Le document, qui compte 218 pages dactylographiées, est incomplet, mais il donne la mesure de l’exaspération du maire Drapeau par rapport aux multiples reproches que contenait le rapport Malouf à son endroit.
Rappelons qu’en 1980, la commission présidée par le juge Albert Malouf avait attribué l’explosion des coûts des installations olympiques à l’« irresponsabilité administrative des autorités de la Ville et du COJO [Comité d’organisation des Jeux olympiques] dans le choix d’un concept inédit et d’un architecte étranger ».
En 1972, les estimations préliminaires avaient fixé à 175 millions de dollars le coût de construction du Parc olympique. En 1976, on évoquait plutôt 851 millions. Il faudra 30 ans aux Québécois pour éponger la facture totale de 1,3 milliard qu’a coûté l’aventure olympique.
L’architecte « étranger »
Dans son projet de réplique, la Ville se porte à la défense de Roger Taillibert. Le choix du maire de recruter l’architecte français était « le plus judicieux que l’administration municipale pouvait faire pour l’aménagement du Parc olympique », fait-on valoir. Son projet qui comprenait le stade et le vélodrome répondait aux critères olympiques et assurait une vocation polyvalente et permanente du site, ajoute-t-on.
On qualifie de « gratuites » les accusations de la commission selon lesquelles Roger Taillibert aurait refusé de proposer des solutions « pratiques » pour réduire les coûts du projet.
Au passage, la Ville rejette les qualificatifs « extravagant », « superflu » et « luxueux » utilisés par la commission à l’égard des installations du Parc olympique. Ces jugements ne relevaient pas des compétences de la commission qui devait plutôt enquêter sur le coût de la réalisation de ces constructions, rappelle-t-on.

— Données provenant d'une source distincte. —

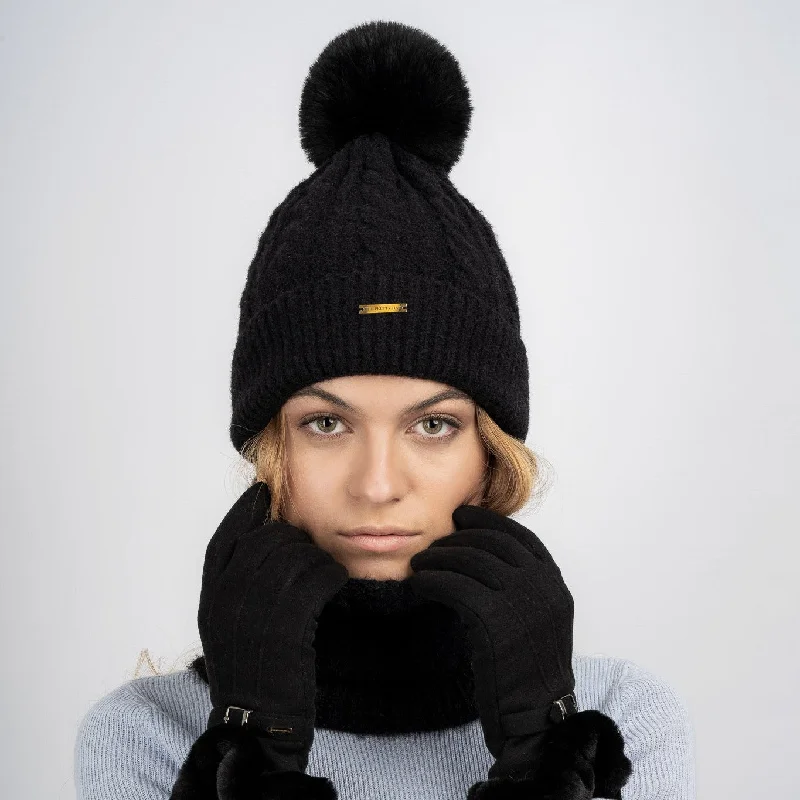 Fifi Fleece Lined Beanie & Snood Set - Black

La Ville qualifie l’enquête Malouf d’« échec », en lui reprochant d’avoir mené ses travaux en fonction d’une « opinion formulée au préalable » et de s’être « embourbée dans un labyrinthe de spéculations » sur plusieurs aspects.

Omissions ?
La commission a minimisé l’« inflation galopante », de même que les grèves et arrêts de travail qui ont perturbé le chantier, préférant s’acharner sur l’administration municipale, accuse la Ville. Et elle n’a pas tenu compte des retombées économiques des Jeux olympiques, ajoute-t-on.

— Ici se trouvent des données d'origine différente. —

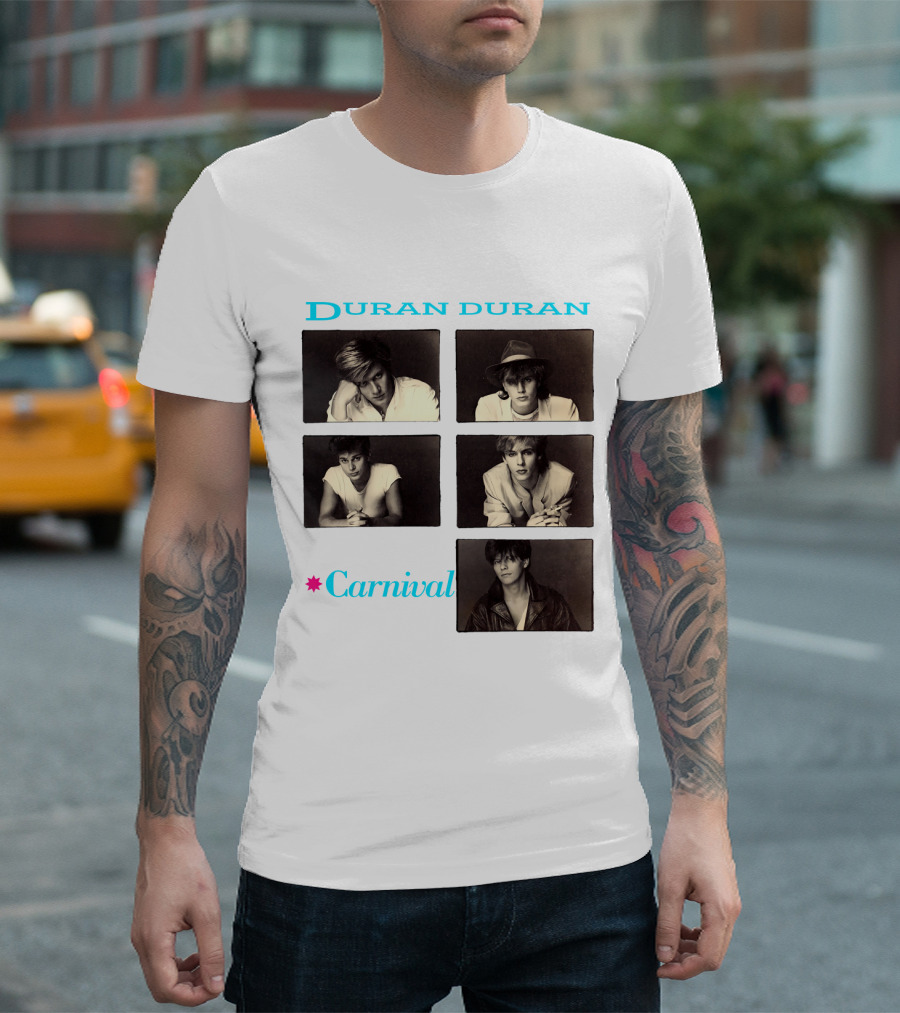 Duran Duran Carnival Album Cover Vintage Black and White Photos T-Shirt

« Nous sommes convaincus que l’histoire donnera tort à cette commission sur toute la ligne, car même l’ignorance des faits ne pourra constituer une justification à son rapport. »
La Ville signale aussi que la commission a omis un élément important dans le déroulement des travaux : la francophobie. « Le bon fonctionnement organisationnel du chantier olympique fut victime d’une attitude francophobe haineuse de la part d’importants intervenants au dossier envers l’architecte Taillibert et les autres professionnels français qui ont collaboré au projet », souligne-t-on.
La Ville blâme également les médias qui, dit-elle, ont laissé planer un doute constant quant à l’issue de l’opération : « L’aspect psychologique est un élément important dans l’accomplissement efficace d’un grand projet ».
Les grands projets
Les archives personnelles de Jean Drapeau comprennent notamment des documents liés au fonctionnement du conseil municipal de Montréal de 1966 à 1986 et des milliers de photos. Une section s’attarde à l’émeute au Forum de Montréal à la suite de la suspension de Maurice Richard en 1955 et une autre au passage de Charles de Gaulle à l’hôtel de ville en 1967.
On y retrouve aussi des documents et des plans relatifs aux grands projets comme la Place des Arts, le métro, Expo 67 en plus des Jeux olympiques de 1976. D’autres concernent le restaurant Le Vaisseau d’or, dont l’ancien maire était propriétaire, ou relatent l’époque où M. Drapeau était avocat au sein de l’enquête Caron.
Le public peut consulter certains documents numérisés en ligne sur le site Internet des Archives de Montréal. Il est également possible de consulter les archives en se rendant sur place sur rendez-vous.